The Communist Party and its allies through their influence and organisation in an increasingly politicised shop steward movement, were able to take effective unofficial action and press the TUC leadership to make these victories possible.
More CP members were getting elected to union executives, elected as delegates to represent their members at the TUC, the STUC and individual trade union conferences.
These victories showed in practice the leading role of the organised working class, and with left unity and mass struggle the power and strength of the working class could defeat the class enemy.
The major dispute of the period was surely the Upper Clyde Shipbuilders work-in of 1971-72, in which the workforce, led by communist shop stewards, took over four shipyards and demanded the right to work.
These stewards took on and defeated the government defending their jobs and communities.
This fight gained acclaim across the world and sparked a series of similar work-ins across Britain numbering over 200.
It raised the whole question of ownership and the role of the state.
It saw the organised labour movement building alliances to break up the Tories’ political base of core support among the middle classes and small and medium businesses.
The stewards’ campaign was based on tactics and strategy which created divisions in the business class where elements at the lower end realised that their interest were tied up with the workforce and that monopoly capital exploited them also.
To a significant extent, due to the collectivist approach, narrow sectionalism among trades were overcome and the right wing in the official movement, who the government wanted to take control, were defeated.
Leading stewards injected socialist theory into the struggle which developed a view among some, but certainly not all workers, of the necessity for social and political change which challenged the power of the ruling class.
However, that view only gained traction because of the record of work the stewards had built up over the years, fighting for the interests of their members.
The communists and leftwingers were embedded in the workforce, they were “one of them” and spoke the language of the shop floor.
They were indeed a vanguard who understood the role of monopoly capital and the state in capitalist society and injected political education into the movement.
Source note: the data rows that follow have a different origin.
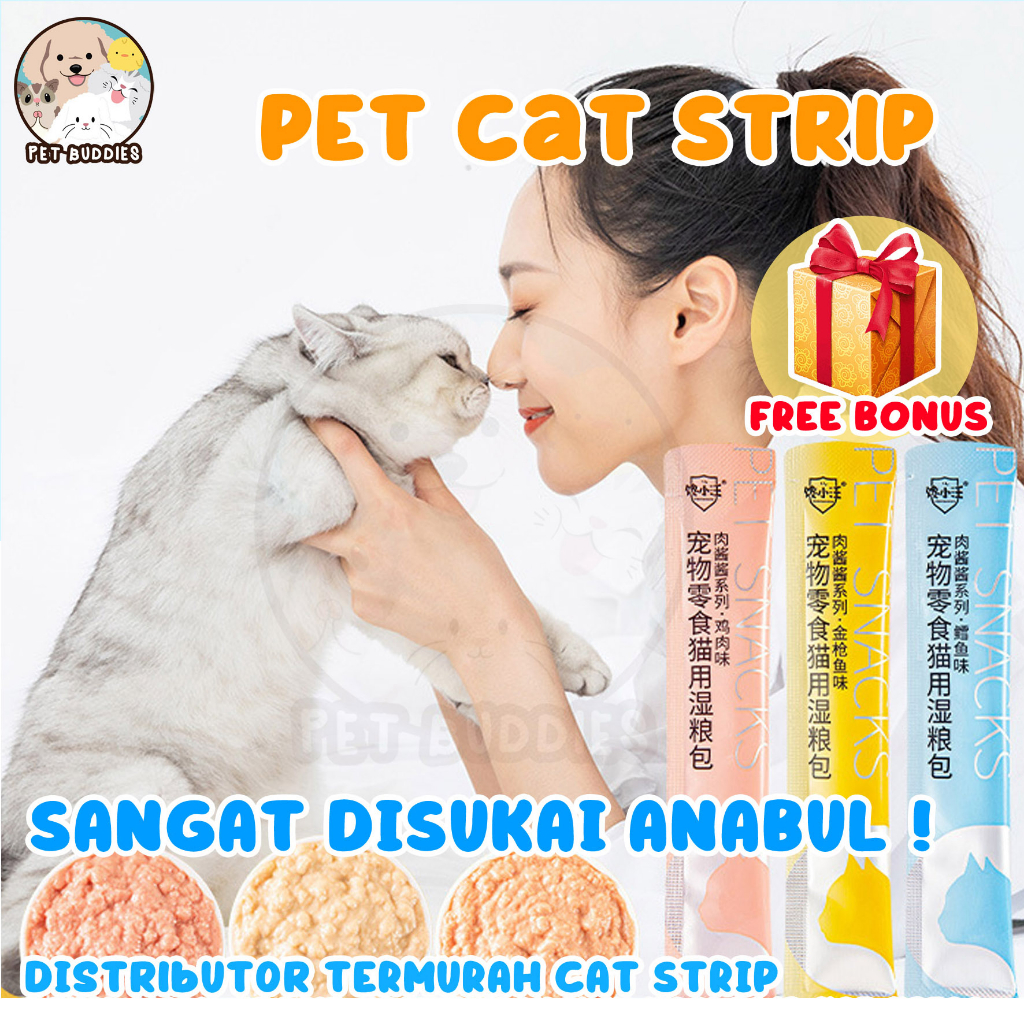 [ALL VARIANT] Cat Strip Liebao Snack Basah Makanan Kucing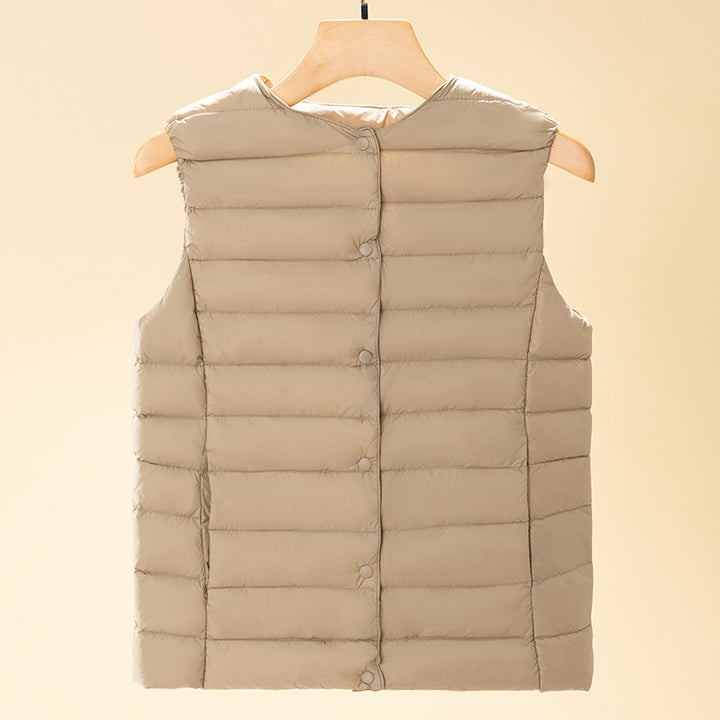 Women's sleeveless quilted thermal vest with round neck and snap button placket Amarae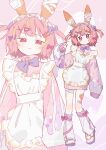  1girl 1other :/ absurdres animal animal_ears apron artist_name bandaged_ear bandaged_leg bandages bandaid bandaid_on_ear bandaid_on_leg blush bow bowtie commentary_request creature_and_personification expressionless footwear_bow frilled_apron frills full_body gauze gauze_on_leg hair_between_eyes hair_bow hair_ornament hairclip hand_up head_tilt headdress highres kneehighs komerina long_sleeves looking_at_viewer maid maid_apron maid_headdress medium_hair multicolored_sweater multiple_hair_bows multiple_views no_nose no_pants no_pupils original parallel_hairclips personification pink_bow pink_eyes pink_hair pink_socks pink_sweater purple_bow purple_bowtie sea_slug sea_slug_ears sea_slug_girl shoes short_twintails sidelocks sleeves_past_fingers sleeves_past_wrists smile socks standing sweater twintails two_side_up unconventional_maid upper_body waist_apron white_apron white_headdress white_shoes x_hair_ornament yellow_trim zipper 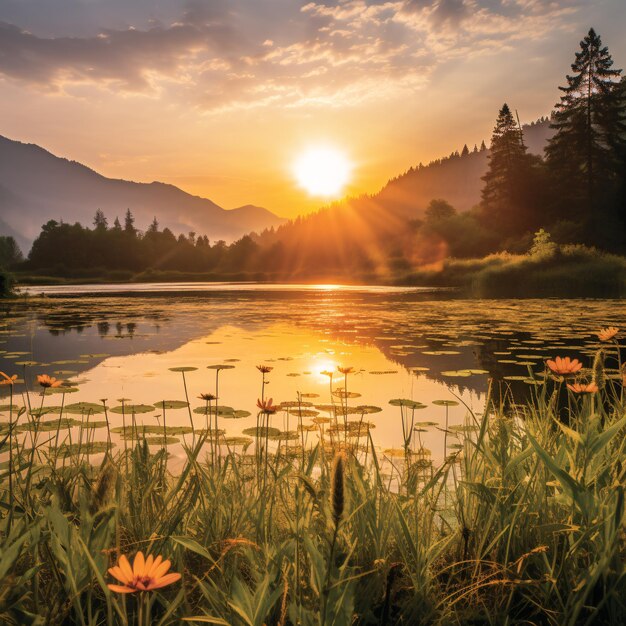 Prise de vue d'un paysage éthéré capturant la teinte dorée du soleil sur des montagnes majestueuses et des lacs sereins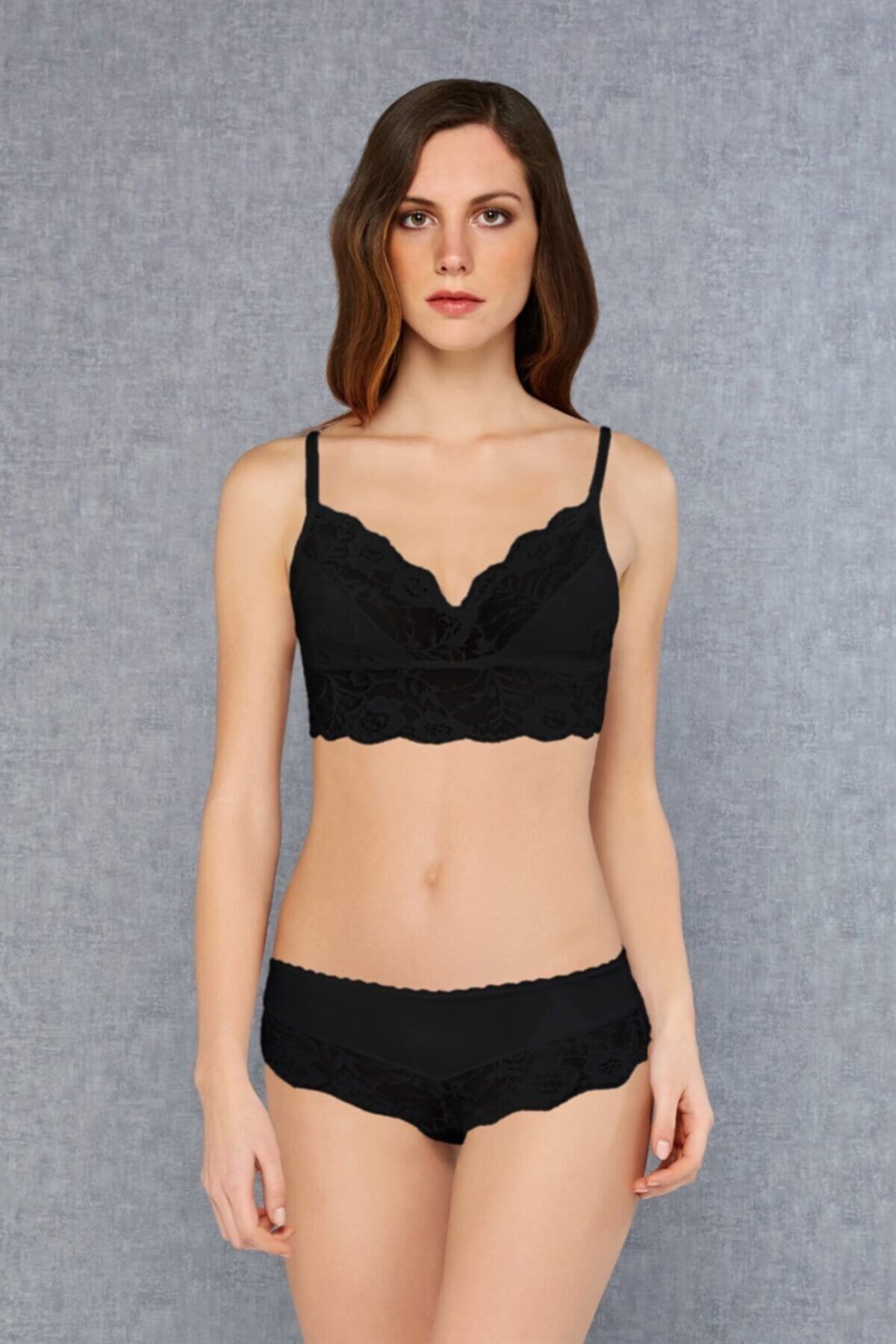 Doreanse Women's Black Stylish Lace Unpadded Bralette Bra Slip Panty Set -  Trendyol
These successes did not of course go unnoticed by the state and there is plenty of evidence of it intervening to destroy these progressive advances.
There are many lessons we can learn from this period about how to educate, agitate and organise, but these advances were made decades ago and much has changed.
The point is that we cannot just recreate what was built then.
Rather it is a concrete analysis of the current situation, building alliances and linking the struggles of today with the working class as it is today.
The organised working class at its core, trade union and community campaigning, the anti-racist struggle, the environmental movement and not least the fight against women’s oppression. A new popular front?
Alliances are key. As Lenin said, communists should advance their aims by identifying the next stages of advance and the appropriate alliances required to consolidate them.